We present Connection-Aware Motif Sequencing (CamS), a graph-to-sequence representation that enables decoder-only Transformers to learn molecular graphs via standard next-token prediction (NTP). For molecular property prediction, SMILES-based NTP scales well but lacks explicit topology, whereas graph-native masked modeling captures connectivity but risks disrupting the pivotal chemical details (e.g., activity cliffs). CamS bridges this gap by serializing molecular graphs into structure-rich causal sequences. CamS first mines data-driven connection-aware motifs. It then serializes motifs via scaffold-rooted breadth-first search (BFS) to establish a stable core-to-periphery order. Crucially, CamS enables hierarchical modeling by concatenating sequences from fine to coarse motif scales, allowing the model to condition global scaffolds on dense, uncorrupted local structural evidence. We instantiate CamS-LLaMA by pre-training a vanilla LLaMA backbone on CamS sequences. It achieves state-of-the-art performance on MoleculeNet and the activity-cliff benchmark MoleculeACE, outperforming both SMILES-based language models and strong graph baselines. Interpretability analysis confirms that our multi-scale causal serialization effectively drives attention toward cliff-determining differences.

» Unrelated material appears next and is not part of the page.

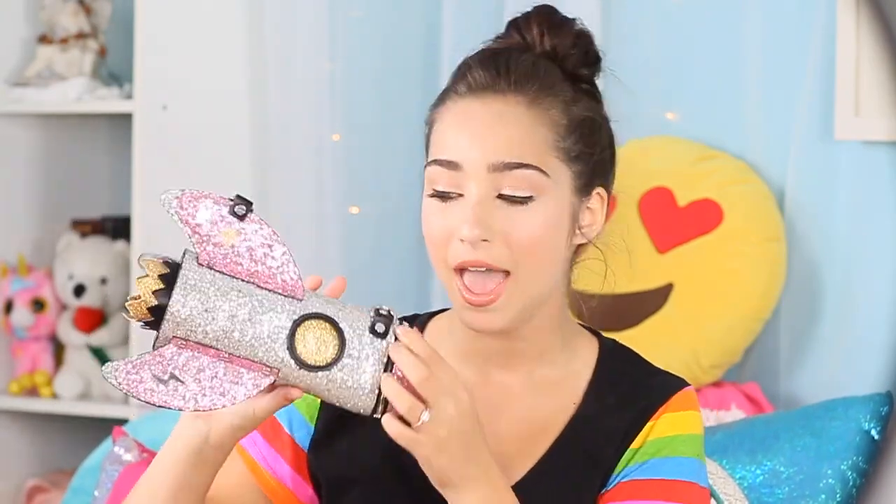Next is my rocket ship purse. This is from H&M and my friend Maddie used this when she was on like the orange carpet — not really the red carpet. It's really sparkly and it's a good size also. I have no clue where those straps are.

翻译：本文提出连接感知基序序列化方法，该图到序列的表示方法使仅解码器Transformer能够通过标准下一标记预测学习分子图。对于分子性质预测，基于SMILES的下一标记预测方法具有良好的扩展性但缺乏显式拓扑结构，而图原生掩码建模方法虽能捕获连接性，却可能破坏关键化学细节。CamS通过将分子图序列化为结构丰富的因果序列来弥合这一鸿沟。该方法首先挖掘数据驱动的连接感知基序，随后通过基于骨架的广度优先搜索实现基序序列化，从而建立稳定的从核心到外围的顺序。至关重要的是，CamS通过串联从细粒度到粗粒度的多尺度基序序列，实现了分层建模机制，使模型能够基于密集且未破坏的局部结构证据来构建全局骨架。我们通过在CamS序列上预训练原始LLaMA主干网络实例化CamS-LLaMA模型。该模型在MoleculeNet基准数据集和活性悬崖基准MoleculeACE上均达到最先进性能，显著优于基于SMILES的语言模型与强图基线方法。可解释性分析证实，我们的多尺度因果序列化方法能有效驱动注意力机制聚焦于决定活性悬崖的关键结构差异。